A good comedy is hard to find, and when a light, frivolous play is written by Noel Coward, author of "Private Lives" and "Blithe Spirit" and "Design for Living," it must be assumed that this is a comedy, one that will play well and get laughs. "Hay Fever," now on stage at the Ghent Playhouse, would be assumed to be just such a play. A good comedy on Broadway should rack up at least 350 performances. "Hay Fever" in four productions from 1925 through 1985, counted up together, lasted only 292 performances. Yet, it is considered classic Coward.
It has starred, in these four runs, a quartet of classically funny female stars: Laura Hope Crews (49 perfs), Constance Collier (95 perfs), Shirley Booth (24 perfs), and Rosemary Harris (129 perfs).

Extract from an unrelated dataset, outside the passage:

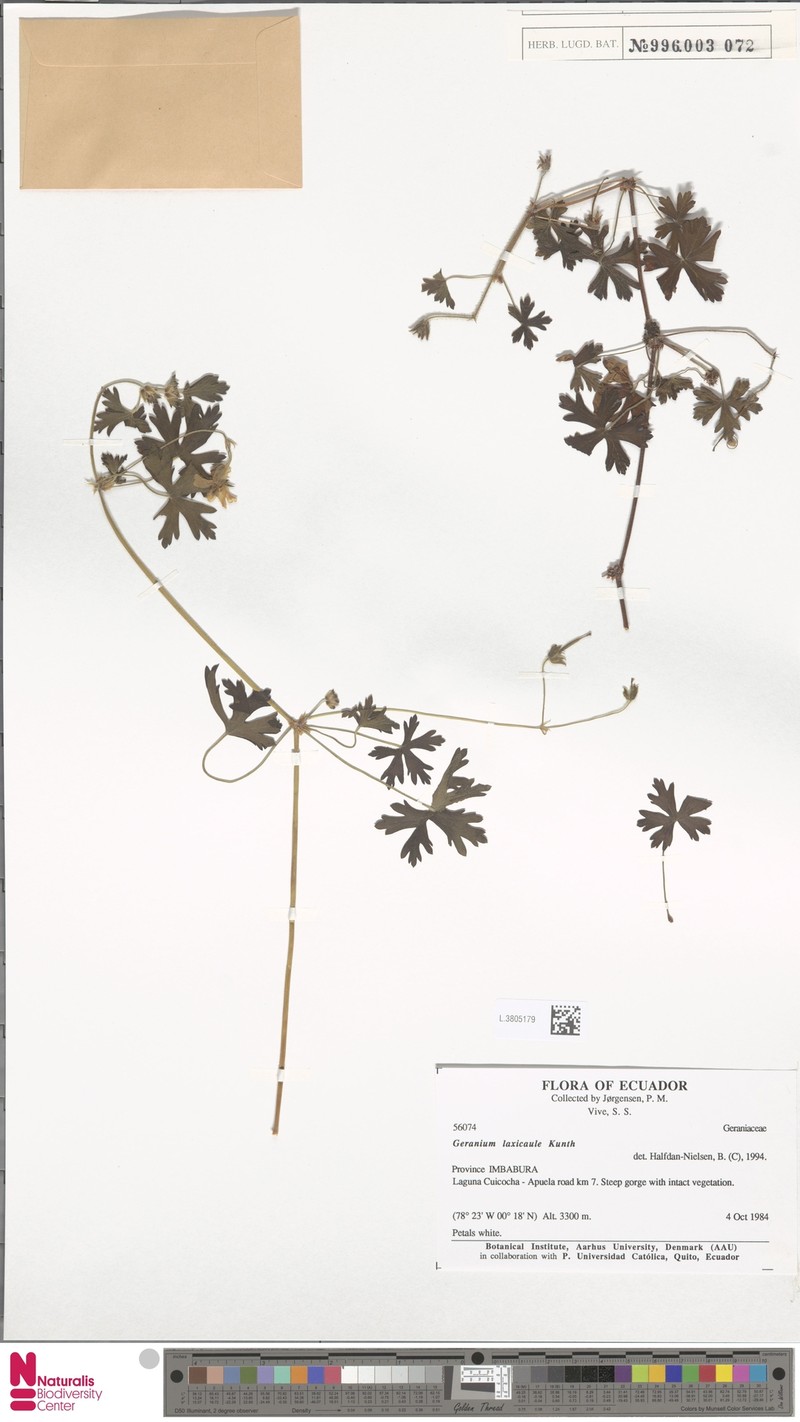 Geranium laxicaule photo 3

If these women cannot pull off the role of Judith Bliss, who could? Based on American actress Laurette Taylor whom Coward adored in "Peg O' My Heart" the character is an odd mixture of stereotypical "actress" and lover/automaton with a dash of morality-militant thrown in for good measure. Created by George Bernard Shaw she might have been a cornerstone of British matriarchy; Oscar Wilde would have had her more openly wanton and wantingly lovely. For Coward she is somewhat more pedestrian a symbol of the world in which he traveled, half reality and half make-believe with neither half prevailing.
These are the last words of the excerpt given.